Il est temps d’admettre qu’à l’écran, nous avons atteint le sommet de la nostalgie


2020 restera dans l’histoire comme l’année de la nouvelle édition. Et regardez consciencieusement comme nous l’avons fait lorsque les anciennes itérations ont retrouvé leur domination sur notre algorithme d’affichage –Le bureau a été nommé d’après un rapport de la société d’études de marché Nielsen l’année dernière comme la « sitcom de la pandémie » après avoir été de 87 milliards de minutes de téléspectateurs l’année dernière. Combiné avec les ensembles d’antan qui se réunissaient pour des lectures de table, des réunions et des réveils, il y avait un soupçon distinct de nostalgie teintée de sépia qui a façonné notre humeur collective.
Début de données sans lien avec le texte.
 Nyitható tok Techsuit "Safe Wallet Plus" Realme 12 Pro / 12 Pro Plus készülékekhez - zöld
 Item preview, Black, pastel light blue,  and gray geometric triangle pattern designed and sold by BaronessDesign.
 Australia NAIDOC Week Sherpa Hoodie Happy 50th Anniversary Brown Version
Et après avoir vu l’original comédie musicale au lycée Jouant avec la prochaine génération de Wildcats, le Méchantes filles Lorsque nous avons rejoué leur emblématique appel à quatre pour la charité et que John Krasinski a réuni l’équipe de Dunder Mifflin pour recréer leur chorégraphie de mariage, nous nous sommes sentis gravés dans nos os : la nostalgie était la devise de la pandémie. Mais quelle est la prochaine étape lorsque nous sommes tous nostalgiques ? Nous enquêtons.
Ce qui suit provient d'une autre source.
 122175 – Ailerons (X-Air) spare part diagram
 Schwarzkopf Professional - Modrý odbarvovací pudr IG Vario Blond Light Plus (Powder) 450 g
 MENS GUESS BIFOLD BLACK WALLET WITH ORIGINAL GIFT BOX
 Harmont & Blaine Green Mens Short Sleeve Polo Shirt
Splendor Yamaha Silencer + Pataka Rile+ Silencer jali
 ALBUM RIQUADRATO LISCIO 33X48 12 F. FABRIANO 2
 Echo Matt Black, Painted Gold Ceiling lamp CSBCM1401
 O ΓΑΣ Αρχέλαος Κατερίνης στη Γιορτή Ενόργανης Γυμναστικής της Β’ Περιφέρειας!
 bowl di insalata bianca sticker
Blast from the Past : Pourquoi la nostalgie vend

À une époque où chaque jour on avait l’impression qu’un baril du célèbre chili de Kevin Malone y avait été jeté, il est facile de comprendre pourquoi nous nous sommes réfugiés dans la familiarité du passé. Regarder de plus près, Mode L’Inde a découvert qu’il servait d’antidote pratique à l’anxiété sans précédent causée par une pandémie sans précédent. Lucy Spicer, une psychologue basée à Londres, explique : « De nombreuses pensées anxieuses sont tournées vers l’avenir et la pandémie a laissé un manque important de contrôle sur ce que serait l’avenir. Dans cette optique, il n’est pas surprenant que nous ayons recherché la sécurité, la familiarité et la routine dans notre vie quotidienne afin d’acquérir un sentiment de contrôle. L’égalité et la répétition peuvent aider à réduire l’anxiété puisque nous savons déjà comment les choses sont susceptibles d’être. Nous pouvons regarder ce que nous savons encore et encore sans surprises et ainsi nous donner le contrôle et la prévisibilité dont nous avons besoin dans une situation mondiale imprévisible. »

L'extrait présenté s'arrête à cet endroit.